• Exercise:
Only the lines from the one with "Colorful Whales Huawei" to the end of the data, both ends included, should be output, exactly as they stand and without pictures.

• Exercise material:
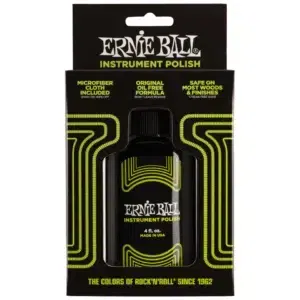 Polish Ernie Ball para instrumentos de madera con paño microfibra. Pulidor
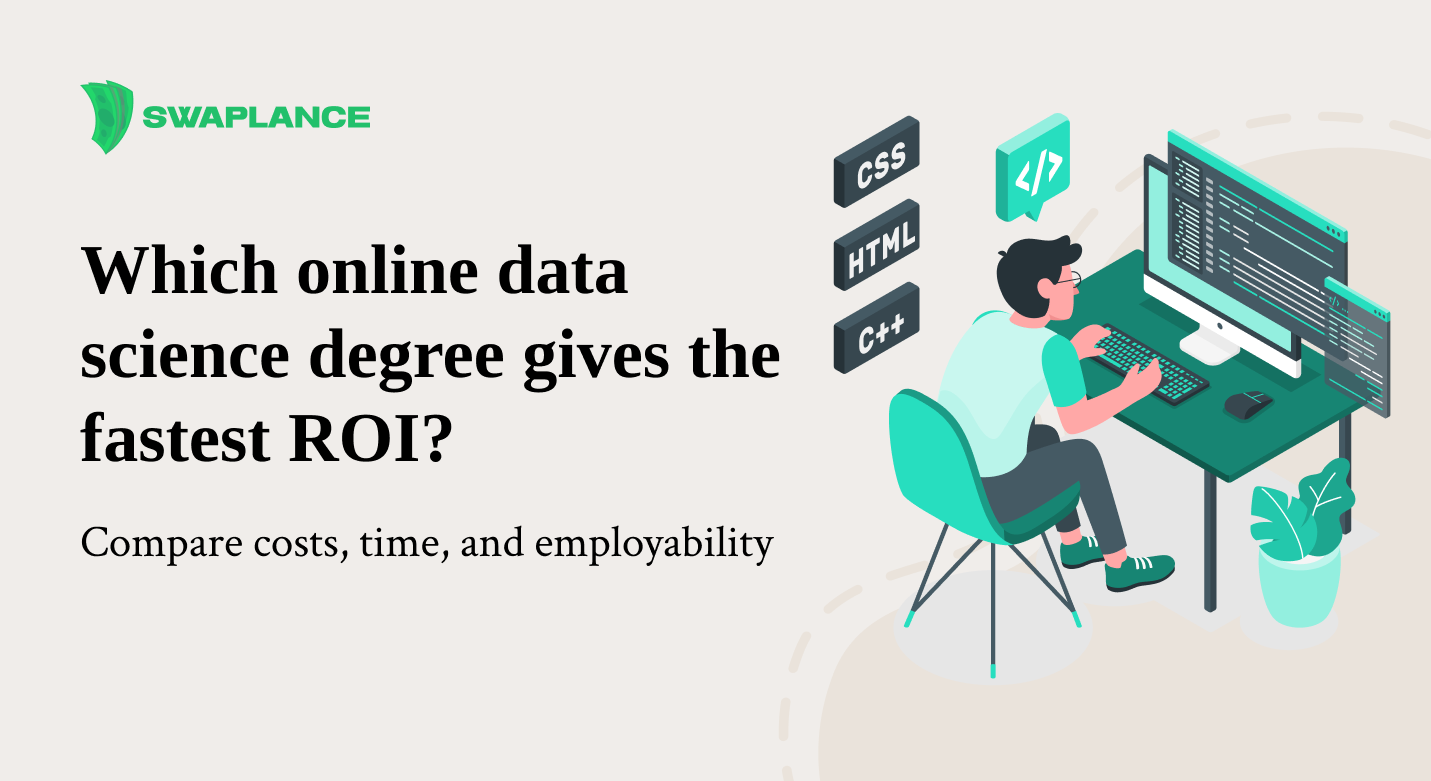 Which online data science degree gives the fastest ROI? Compare costs, time, and employability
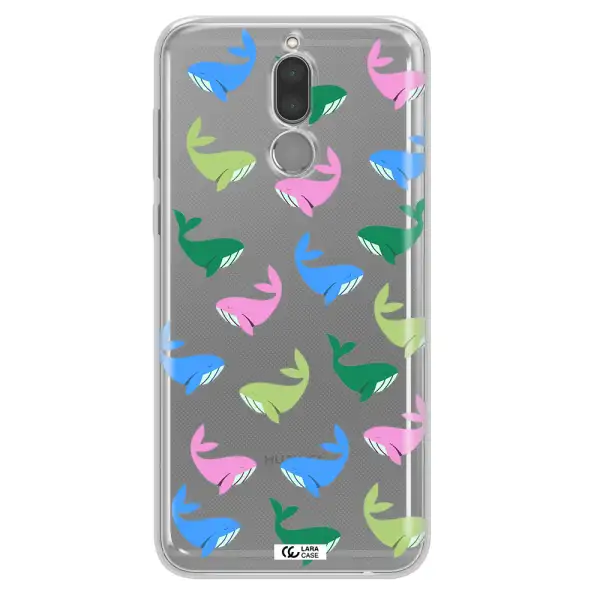 Colorful Whales Huawei Mate 10 Lite Clear TPU Case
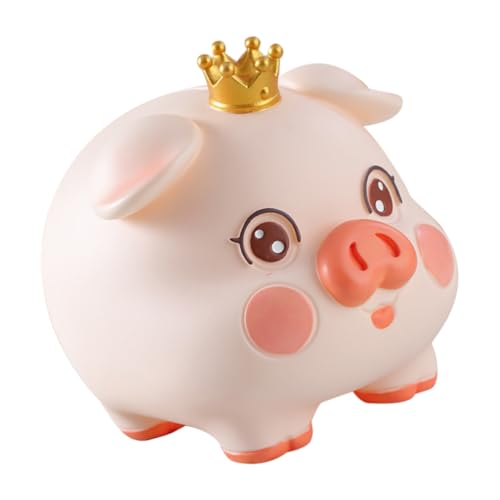 LRXIYODE Unzerstörbare Kleine Piggy Bank aus Strapazierfähigem Vinyl Bruchsichere Sparbüchse mit Großem Fassungsvermögen Niedliches Cartoon Schwein für Jungen und Mädchen als Sparbox und LRXIYODE Unzerstörbare Kleine Piggy Bank aus Strapazierfähigem Vinyl Bruchsichere Sparbüchse mit Großem Fassungsvermögen Niedliches Cartoon Schwein für Jungen und Mädchen als Sparbox und von LRXIYODE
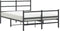 vidaXL - Bedframe - met - hoofd- - en - voeteneinde metaal - zwart - 140x200 - cm
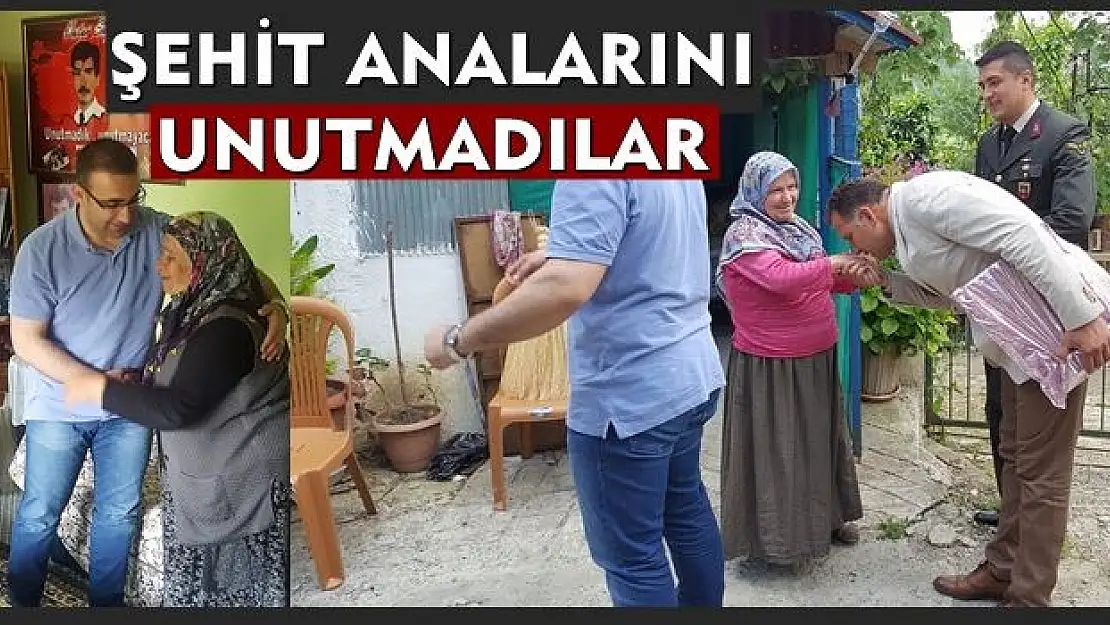 Şehit Annelerine anlamlı ziyaret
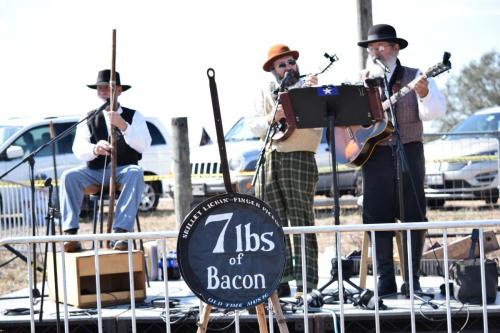 38th Brooksville Raid Civil War Re-enactment. 7lbs of Bacon played period time music for everyone to enjoy.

• Completed exercise:
 Colorful Whales Huawei Mate 10 Lite Clear TPU Case
 LRXIYODE Unzerstörbare Kleine Piggy Bank aus Strapazierfähigem Vinyl Bruchsichere Sparbüchse mit Großem Fassungsvermögen Niedliches Cartoon Schwein für Jungen und Mädchen als Sparbox und LRXIYODE Unzerstörbare Kleine Piggy Bank aus Strapazierfähigem Vinyl Bruchsichere Sparbüchse mit Großem Fassungsvermögen Niedliches Cartoon Schwein für Jungen und Mädchen als Sparbox und von LRXIYODE
 vidaXL - Bedframe - met - hoofd- - en - voeteneinde metaal - zwart - 140x200 - cm
 Şehit Annelerine anlamlı ziyaret
 38th Brooksville Raid Civil War Re-enactment. 7lbs of Bacon played period time music for everyone to enjoy.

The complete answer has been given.